Chapter 36, Section 831(d)(5) of the City Charter empowers the EEPC to audit and evaluate, at least once every four (4) years, the employment practices and procedures of City entities and their efforts to ensure fair and effective equal employment opportunity (EEO) for women and minority employees and applicants seeking employment. City Charter Sections 831(d)(2) and 832(c) authorize the EEPC to make a determination that any City entity’s plan, program, procedure, approach, measure, or standard does not provide equal employment opportunity, require appropriate corrective action, and monitor the implementation of the corrective action it prescribes.
City entities that meet the following criteria are subject to the EEPC's audit, evaluation, and monitoring:
- the majority of the board members are appointed by the Mayor;
- the majority of the board members serve by virtue of being City officers; or
- the entity is funded, in whole or in part, by the City treasury.

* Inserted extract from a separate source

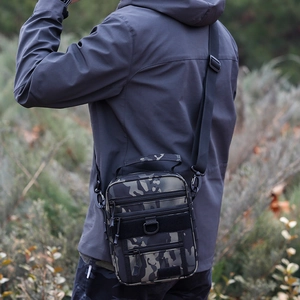 Outdoor tactical camouflage crossbody bag with adjustable strap shown in nature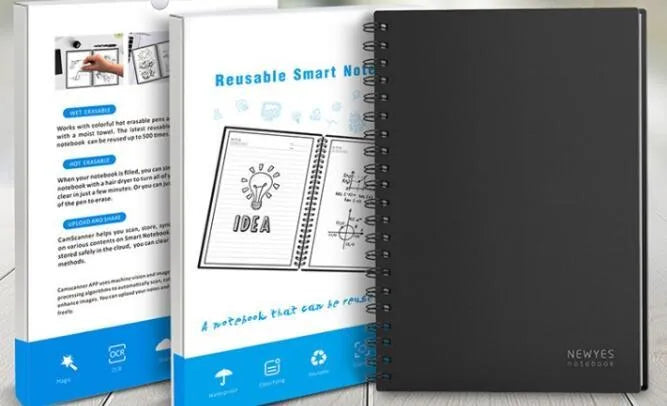 Rewritable paper notebook with black PP cover, spiral binding, and pen on a desk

The EEPC is not authorized to investigate individual complaints of employment discrimination. Instead, the EEPC’s mandate is to ensure that the City’s employment practices, including EEO policies and programs, are properly structured, efficiently administered, and in compliance with federal, state, and city equal employment opportunity requirements. Programmatic changes resulting from the EEPC’s audits provide a mechanism, at an institutional level, that assists City entities in preventing employment discrimination and avoiding costly litigation.
The EEPC has a duty to:
- audit and evaluate the employment practices and procedures of each City entity at least once every four (4) years, and whenever requested by the City Civil Service Commission or City Human Rights Commission, and recommend procedures, approaches, measures, and standards to be utilized to ensure fair and effective programs of equal employment opportunity;
- establish a compliance procedure to monitor the implementation of all audit recommendations;
- review the standards, procedures, and programs established by the New York City Department of Citywide Administrative Services to ensure a fair and effective affirmative employment plan of equal employment opportunity for City entities;
- review each City entity’s affirmative employment plan to provide equal employment opportunity and provide appropriate comments and suggestions;
- advise City entities in their efforts to increase employment of minority group members and women who seek employment with the City;
- conduct studies and investigations, hold public and private hearings, compel the attendance of witnesses, and administer oaths for the purpose of ascertaining whether City entities are in compliance with equal employment opportunity requirements;
- establish advisory committees;
- serve as the City liaison to federal, state, and local entities responsible for compliance with equal employment opportunity for minority group members and women who are employed by, or who seek employment with, City entities;
- publish a report to the Mayor and City Council on the effectiveness of each City entity's affirmative employment efforts, and the efforts by the New York City Department of Citywide Administrative Services, to ensure equal employment opportunity; and
- make policy, legislative, and budgetary recommendations to the Mayor, City Council, New York City Department of Citywide Administrative Services, and any City entity to ensure equal employment opportunity for minority group members and women.